LONDON -- U.S. President George W. Bush and British Prime Minister Tony Blair have taken a "shoulder-to-shoulder" stance on Iraq -- literally. On April 6, 2002, the two leaders emerged from four hours of talks at the president's Texas ranch, stood side by side for the cameras and declared their undying opposition to Saddam Hussein's regime.
The American-British special relationship over Iraq has had its ups and downs -- most notably in August 2002, when Blair annoyed Washington hawks by calling for weapons inspections before invasions. But Downing Street denied that these were serious disagreements, issuing a statement that said Britain and America are in "100 percent agreement" that Iraq must be "dealt with." In his keynote speech to a Labour Party conference in October 2002, Blair declared, "I believe in this British-American alliance . . . and I will fight long and hard to maintain it."
But for all the declared unity over Iraq, there's one little thing America and Britain disagree on: whether Saddam Hussein's Ba'ath Party regime has links with Osama bin Laden's al-Qaeda network. Behind the claims of "common purpose" and "unity of mission," U.S. and U.K. officials are at loggerheads over the Bush administration's allegation that Hussein and bin Laden are in cahoots.
Leading Bush officials have made claims of a Hussein-bin Laden link central to their justifications for invading Iraq. "There clearly are contacts between al-Qaeda and Iraq that can be documented," said National Security Adviser Condoleezza Rice in September, though she didn't provide any evidence for these "contacts," much less documentation. Asked whether there is a link between Hussein and bin Laden, Defense Secretary Donald Rumsfeld replied, "I have no desire to go beyond saying the answer is 'yes.' "
President Bush has gone beyond saying "yes," alleging that Hussein is using al-Qaeda as a private army. "The danger is that al-Qaeda becomes an extension of Saddam's madness and his hatred and his capacity to extend weapons of mass destruction around the world," Bush has said, his paranoia clearly working overtime. After the horrific Bali bombings in October, Bush pointed the finger of blame at the alleged Hussein-bin Laden network. "We need to think about Saddam using al-Qaeda to do his dirty work, to not leave fingerprints behind," he said. "This is a man who, in my judgment, would like to use al-Qaeda as a forward army."
British officials could not disagree more. Publicly, Blair's ministers choose to say little about America's claims of a Hussein-bin Laden love-in, instead focusing their pro-war arguments on Hussein's alleged weapons of mass destruction and his human-rights abuses. Privately, however, British officials and experts ridicule American claims of a link, arguing that nothing is less likely than Hussein having contacts with bin Laden.
"Quite the opposite," said one British official when asked by The Guardian whether Iraq and al-Qaeda could possibly be working together.
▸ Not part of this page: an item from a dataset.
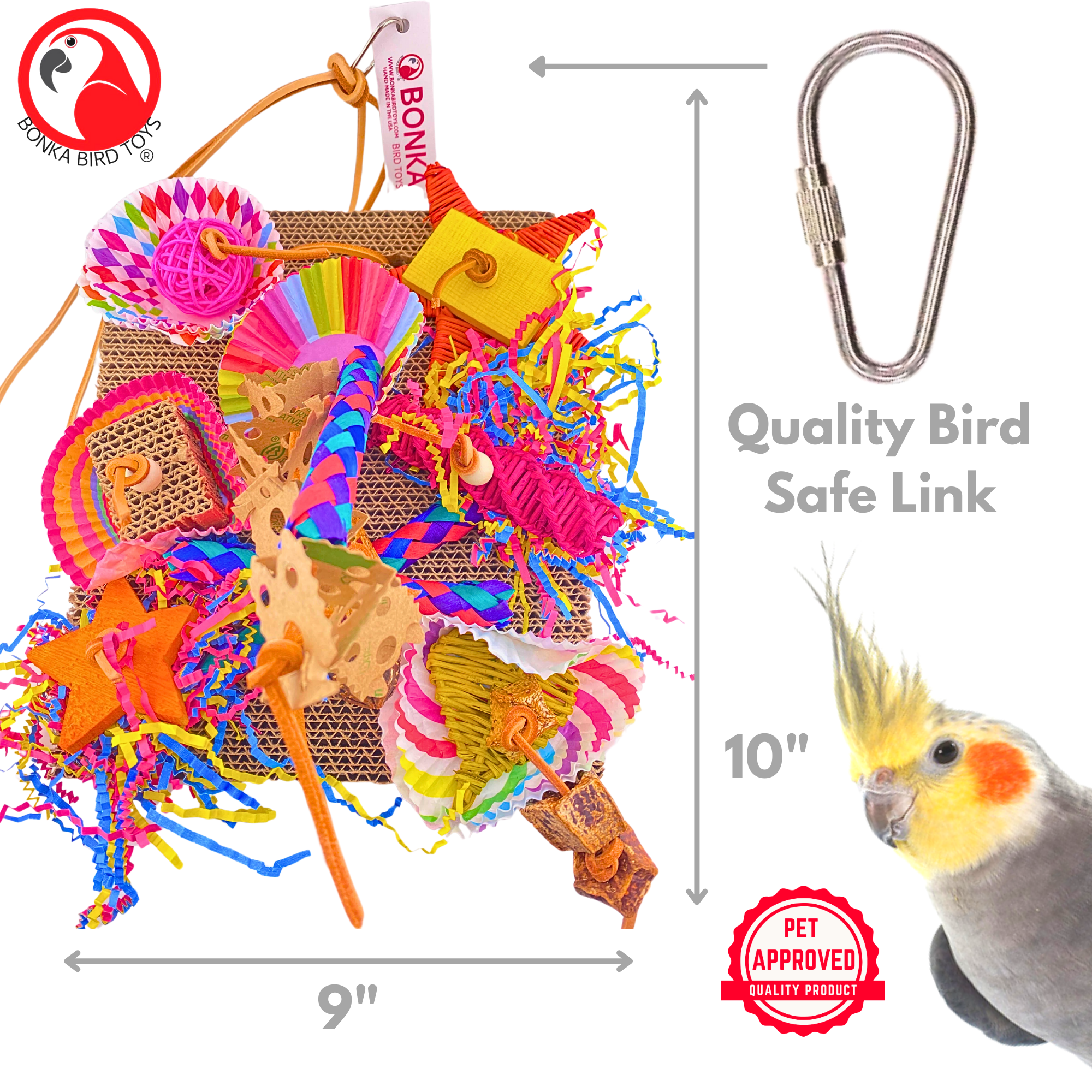 Bonka Bird Toys 2644 Fiesta Foraging Board Chew Forage Shred Parrot Cage Toy Pet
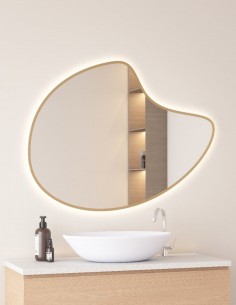 Espejo de forma orgánica con arenado perimetral - NATURAL de BathDecor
Indeed, the article confidently asserted, "British intelligence agencies are dismissing claims by the Bush administration that there are links between Iraq and the al-Qaida terrorist network."
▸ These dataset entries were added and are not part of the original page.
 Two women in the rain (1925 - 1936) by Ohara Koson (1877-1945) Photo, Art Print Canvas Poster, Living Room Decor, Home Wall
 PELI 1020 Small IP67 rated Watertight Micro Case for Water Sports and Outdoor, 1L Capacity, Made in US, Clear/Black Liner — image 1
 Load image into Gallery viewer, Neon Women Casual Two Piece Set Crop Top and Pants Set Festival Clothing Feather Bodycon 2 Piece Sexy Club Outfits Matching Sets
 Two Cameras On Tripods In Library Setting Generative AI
Free from the constraints of officialdom, Alex Standish, the British editor of the military magazine Jane's Intelligence Digest, is able to go one better. "They are diametrically opposed," he said. "Absolutely, diametrically opposed. I can't see any reason why Saddam, coming from an Arab nationalist and fairly secular background, would have any interest in supporting an extremist religious ideology, which is ultimately opposed to everything he has ever stood for."
Bush, of course, would beg to differ, going so far as to say he "can't distinguish between the two -- because they're both equally as bad and equally as evil and equally as destructive." Where British officials see Iraq and al-Qaeda as polar opposites, Bush and his supporters see an "evil mass," with Hussein and bin Laden plotting America's downfall together.
As a result of these disagreements between the British and American camps, the Bush and Blair governments sometimes seem to be plotting action against very different regimes. The Bush administration has identified a regime that is dangerously close to al-Qaeda, with plans to spread terror around the world; the Blair government sees a regime that has little to do with al-Qaeda but that poses a big threat to its own people.
How can Britain and the United States disagree so profoundly on this aspect of Hussein's regime -- on its intentions and capabilities -- yet still maintain a unified front? The behind-the-scenes disagreements over one of the United States' central allegations against Hussein don't seem to have made any impact on Britain and America's "shoulder-to-shoulder" stance. Why not? Because Bush and Blair's public declarations about Iraq have little to do with what is happening inside Iraq itself. They may be driven less by hard evidence of Hussein's weapons, terrorism or torture than by a desire to strut Britain and the United States' moral superiority on the international stage.
But Bush and Blair's proud declarations about standing up to "evil Saddam" exist in a parallel universe to actual evidence of Iraqi wrongdoing. And Bush and Blair aren't about to let anything such as facts or profound disagreements between their officials stand in the way of their worldly ambitions. That is why -- even as the British mock the Bush administration behind its back and doubt the United States' premise for invading Iraq -- Bush and Blair will no doubt continue to stand "shoulder-to-shoulder."
Brendan O'Neill is a London-based journalist and assistant editor of spiked.